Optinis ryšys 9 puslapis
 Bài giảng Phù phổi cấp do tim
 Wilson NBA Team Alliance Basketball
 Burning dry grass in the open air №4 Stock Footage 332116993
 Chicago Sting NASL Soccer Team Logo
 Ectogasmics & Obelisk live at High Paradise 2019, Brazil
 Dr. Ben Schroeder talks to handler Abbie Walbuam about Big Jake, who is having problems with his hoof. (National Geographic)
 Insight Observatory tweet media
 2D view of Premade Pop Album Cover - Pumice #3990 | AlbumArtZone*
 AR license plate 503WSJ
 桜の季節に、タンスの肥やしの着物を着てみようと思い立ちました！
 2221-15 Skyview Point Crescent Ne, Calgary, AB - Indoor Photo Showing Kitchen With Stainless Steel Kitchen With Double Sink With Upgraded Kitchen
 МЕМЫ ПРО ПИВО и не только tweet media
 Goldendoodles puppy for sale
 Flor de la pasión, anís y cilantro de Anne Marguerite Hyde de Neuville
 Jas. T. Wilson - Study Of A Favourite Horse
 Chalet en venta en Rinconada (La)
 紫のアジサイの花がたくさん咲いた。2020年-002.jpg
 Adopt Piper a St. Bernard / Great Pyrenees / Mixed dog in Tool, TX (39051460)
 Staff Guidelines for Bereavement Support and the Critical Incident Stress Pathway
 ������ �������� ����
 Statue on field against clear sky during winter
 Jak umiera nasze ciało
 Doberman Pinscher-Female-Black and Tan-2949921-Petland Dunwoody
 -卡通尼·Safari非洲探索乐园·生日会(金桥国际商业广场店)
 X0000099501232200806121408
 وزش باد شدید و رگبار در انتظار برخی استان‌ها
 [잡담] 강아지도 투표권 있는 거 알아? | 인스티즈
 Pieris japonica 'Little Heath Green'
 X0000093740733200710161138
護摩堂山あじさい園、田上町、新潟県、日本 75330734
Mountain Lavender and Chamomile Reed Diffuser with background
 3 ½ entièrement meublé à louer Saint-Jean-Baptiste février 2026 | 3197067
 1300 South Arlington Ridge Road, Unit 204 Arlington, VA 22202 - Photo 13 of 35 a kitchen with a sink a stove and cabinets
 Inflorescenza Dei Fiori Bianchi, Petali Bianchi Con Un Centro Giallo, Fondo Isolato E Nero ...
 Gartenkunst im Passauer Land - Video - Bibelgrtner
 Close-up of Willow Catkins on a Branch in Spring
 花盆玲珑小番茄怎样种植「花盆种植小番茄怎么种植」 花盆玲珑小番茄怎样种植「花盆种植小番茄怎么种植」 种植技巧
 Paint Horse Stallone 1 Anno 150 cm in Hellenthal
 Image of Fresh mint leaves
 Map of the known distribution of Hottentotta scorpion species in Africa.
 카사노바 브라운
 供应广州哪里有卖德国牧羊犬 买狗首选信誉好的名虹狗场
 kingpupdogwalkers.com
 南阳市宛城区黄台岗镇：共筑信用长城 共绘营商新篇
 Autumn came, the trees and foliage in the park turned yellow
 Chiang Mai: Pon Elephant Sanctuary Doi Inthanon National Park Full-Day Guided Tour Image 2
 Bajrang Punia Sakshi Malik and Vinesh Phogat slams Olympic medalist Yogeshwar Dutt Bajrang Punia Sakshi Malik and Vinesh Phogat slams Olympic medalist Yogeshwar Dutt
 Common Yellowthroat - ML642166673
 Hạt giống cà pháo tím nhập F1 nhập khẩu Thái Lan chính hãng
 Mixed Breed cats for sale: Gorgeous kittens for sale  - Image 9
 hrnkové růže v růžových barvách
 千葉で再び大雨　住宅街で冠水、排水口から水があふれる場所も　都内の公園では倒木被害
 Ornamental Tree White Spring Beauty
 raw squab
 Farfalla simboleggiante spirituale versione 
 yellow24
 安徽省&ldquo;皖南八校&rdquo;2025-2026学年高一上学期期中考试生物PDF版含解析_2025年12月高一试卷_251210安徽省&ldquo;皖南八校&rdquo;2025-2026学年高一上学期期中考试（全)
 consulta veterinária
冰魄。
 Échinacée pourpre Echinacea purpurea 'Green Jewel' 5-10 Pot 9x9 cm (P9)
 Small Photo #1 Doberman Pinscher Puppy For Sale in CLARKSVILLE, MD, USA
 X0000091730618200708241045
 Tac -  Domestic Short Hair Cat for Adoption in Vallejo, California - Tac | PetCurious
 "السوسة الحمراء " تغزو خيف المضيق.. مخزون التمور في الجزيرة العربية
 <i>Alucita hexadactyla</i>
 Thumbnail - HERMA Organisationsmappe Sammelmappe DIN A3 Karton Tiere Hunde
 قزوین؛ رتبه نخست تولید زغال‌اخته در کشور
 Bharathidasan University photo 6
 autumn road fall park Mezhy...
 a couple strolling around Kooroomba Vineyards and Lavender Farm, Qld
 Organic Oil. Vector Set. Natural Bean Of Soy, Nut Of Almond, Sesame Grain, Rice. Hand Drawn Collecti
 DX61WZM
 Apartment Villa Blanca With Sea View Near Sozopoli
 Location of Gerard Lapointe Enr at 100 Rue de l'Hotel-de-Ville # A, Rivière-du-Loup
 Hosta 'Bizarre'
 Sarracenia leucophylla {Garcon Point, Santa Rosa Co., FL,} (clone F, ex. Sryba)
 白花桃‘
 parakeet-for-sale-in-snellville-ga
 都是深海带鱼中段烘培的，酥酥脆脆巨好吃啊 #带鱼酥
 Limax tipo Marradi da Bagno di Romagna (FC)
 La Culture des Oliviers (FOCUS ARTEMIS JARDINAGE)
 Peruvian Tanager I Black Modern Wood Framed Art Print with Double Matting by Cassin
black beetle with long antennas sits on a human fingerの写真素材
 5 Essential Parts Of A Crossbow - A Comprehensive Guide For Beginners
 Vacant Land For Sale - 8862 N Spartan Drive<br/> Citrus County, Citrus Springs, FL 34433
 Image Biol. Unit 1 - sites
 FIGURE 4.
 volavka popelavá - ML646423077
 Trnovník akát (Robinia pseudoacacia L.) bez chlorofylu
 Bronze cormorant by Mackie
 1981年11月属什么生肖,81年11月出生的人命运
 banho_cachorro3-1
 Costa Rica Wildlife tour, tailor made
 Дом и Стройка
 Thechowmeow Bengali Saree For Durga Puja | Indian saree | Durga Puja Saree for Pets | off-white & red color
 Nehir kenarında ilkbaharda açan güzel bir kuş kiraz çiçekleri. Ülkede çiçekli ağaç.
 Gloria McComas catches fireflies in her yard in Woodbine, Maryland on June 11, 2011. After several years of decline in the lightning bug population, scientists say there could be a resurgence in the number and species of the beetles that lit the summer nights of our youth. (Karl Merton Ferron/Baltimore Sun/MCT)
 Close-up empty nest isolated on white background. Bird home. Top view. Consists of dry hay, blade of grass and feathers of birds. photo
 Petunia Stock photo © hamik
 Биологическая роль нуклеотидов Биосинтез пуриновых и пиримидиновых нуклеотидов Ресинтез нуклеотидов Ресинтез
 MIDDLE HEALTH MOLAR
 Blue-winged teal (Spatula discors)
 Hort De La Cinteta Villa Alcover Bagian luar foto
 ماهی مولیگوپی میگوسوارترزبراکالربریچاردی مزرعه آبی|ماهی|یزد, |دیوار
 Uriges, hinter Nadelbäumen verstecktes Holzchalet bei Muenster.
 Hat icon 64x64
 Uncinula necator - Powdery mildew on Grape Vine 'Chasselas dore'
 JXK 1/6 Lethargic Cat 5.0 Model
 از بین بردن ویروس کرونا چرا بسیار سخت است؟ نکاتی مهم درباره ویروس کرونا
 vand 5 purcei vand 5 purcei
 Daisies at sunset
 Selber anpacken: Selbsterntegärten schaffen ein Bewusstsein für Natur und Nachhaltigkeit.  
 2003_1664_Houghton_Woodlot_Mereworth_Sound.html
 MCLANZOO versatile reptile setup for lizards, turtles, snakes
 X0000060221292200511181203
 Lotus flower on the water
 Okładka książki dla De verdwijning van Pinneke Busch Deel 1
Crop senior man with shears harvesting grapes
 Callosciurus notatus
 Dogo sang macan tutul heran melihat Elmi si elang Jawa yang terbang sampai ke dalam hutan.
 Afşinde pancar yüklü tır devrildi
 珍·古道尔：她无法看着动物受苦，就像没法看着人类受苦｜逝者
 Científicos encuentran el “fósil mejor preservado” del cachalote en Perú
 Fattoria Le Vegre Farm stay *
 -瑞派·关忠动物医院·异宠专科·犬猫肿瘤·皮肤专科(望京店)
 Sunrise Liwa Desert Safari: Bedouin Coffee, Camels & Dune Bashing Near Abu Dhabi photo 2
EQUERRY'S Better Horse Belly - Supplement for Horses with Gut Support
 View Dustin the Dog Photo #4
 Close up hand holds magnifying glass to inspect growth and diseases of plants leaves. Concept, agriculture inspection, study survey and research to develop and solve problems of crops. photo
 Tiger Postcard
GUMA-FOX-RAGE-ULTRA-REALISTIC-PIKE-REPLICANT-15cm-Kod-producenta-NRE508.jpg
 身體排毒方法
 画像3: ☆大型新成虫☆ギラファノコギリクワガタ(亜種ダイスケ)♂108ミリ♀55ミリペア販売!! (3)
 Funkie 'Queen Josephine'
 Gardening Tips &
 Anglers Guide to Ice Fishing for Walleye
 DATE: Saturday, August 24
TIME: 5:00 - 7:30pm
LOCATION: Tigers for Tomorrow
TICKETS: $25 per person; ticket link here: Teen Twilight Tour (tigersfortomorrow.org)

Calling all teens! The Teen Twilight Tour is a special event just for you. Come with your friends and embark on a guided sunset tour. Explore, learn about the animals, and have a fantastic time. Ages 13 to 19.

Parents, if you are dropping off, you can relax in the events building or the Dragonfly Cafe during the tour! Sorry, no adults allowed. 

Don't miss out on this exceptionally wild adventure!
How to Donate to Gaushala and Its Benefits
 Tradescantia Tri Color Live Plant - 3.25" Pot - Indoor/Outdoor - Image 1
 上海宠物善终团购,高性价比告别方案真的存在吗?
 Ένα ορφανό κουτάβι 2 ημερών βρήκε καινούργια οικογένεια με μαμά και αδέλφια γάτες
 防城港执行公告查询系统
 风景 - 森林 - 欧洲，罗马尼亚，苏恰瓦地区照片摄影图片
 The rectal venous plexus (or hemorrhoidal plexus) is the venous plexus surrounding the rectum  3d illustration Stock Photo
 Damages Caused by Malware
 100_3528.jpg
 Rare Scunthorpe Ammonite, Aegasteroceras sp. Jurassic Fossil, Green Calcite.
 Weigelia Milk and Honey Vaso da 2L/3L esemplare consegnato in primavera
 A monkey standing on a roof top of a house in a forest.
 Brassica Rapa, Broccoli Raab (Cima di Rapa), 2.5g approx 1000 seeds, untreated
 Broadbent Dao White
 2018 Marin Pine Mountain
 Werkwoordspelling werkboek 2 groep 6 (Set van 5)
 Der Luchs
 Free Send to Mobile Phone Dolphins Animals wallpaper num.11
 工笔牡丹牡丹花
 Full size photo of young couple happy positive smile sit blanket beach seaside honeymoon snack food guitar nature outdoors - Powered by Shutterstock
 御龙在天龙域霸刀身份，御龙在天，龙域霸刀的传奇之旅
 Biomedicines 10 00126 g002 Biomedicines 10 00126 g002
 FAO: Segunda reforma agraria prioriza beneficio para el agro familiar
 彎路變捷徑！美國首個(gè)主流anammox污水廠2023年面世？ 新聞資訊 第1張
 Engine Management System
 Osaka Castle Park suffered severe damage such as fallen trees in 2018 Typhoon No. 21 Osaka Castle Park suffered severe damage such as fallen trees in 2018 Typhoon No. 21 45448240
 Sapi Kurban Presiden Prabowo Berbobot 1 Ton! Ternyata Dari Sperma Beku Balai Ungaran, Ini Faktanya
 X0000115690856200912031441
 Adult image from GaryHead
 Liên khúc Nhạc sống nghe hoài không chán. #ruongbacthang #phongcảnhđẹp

* * *

[Activity]: Your answer must consist only of the lines from the start of the records above through the line with "Ectogasmics & Obelisk", each retyped exactly.

[Response below]:
Optinis ryšys 9 puslapis
 Bài giảng Phù phổi cấp do tim
 Wilson NBA Team Alliance Basketball
 Burning dry grass in the open air №4 Stock Footage 332116993
 Chicago Sting NASL Soccer Team Logo
 Ectogasmics & Obelisk live at High Paradise 2019, Brazil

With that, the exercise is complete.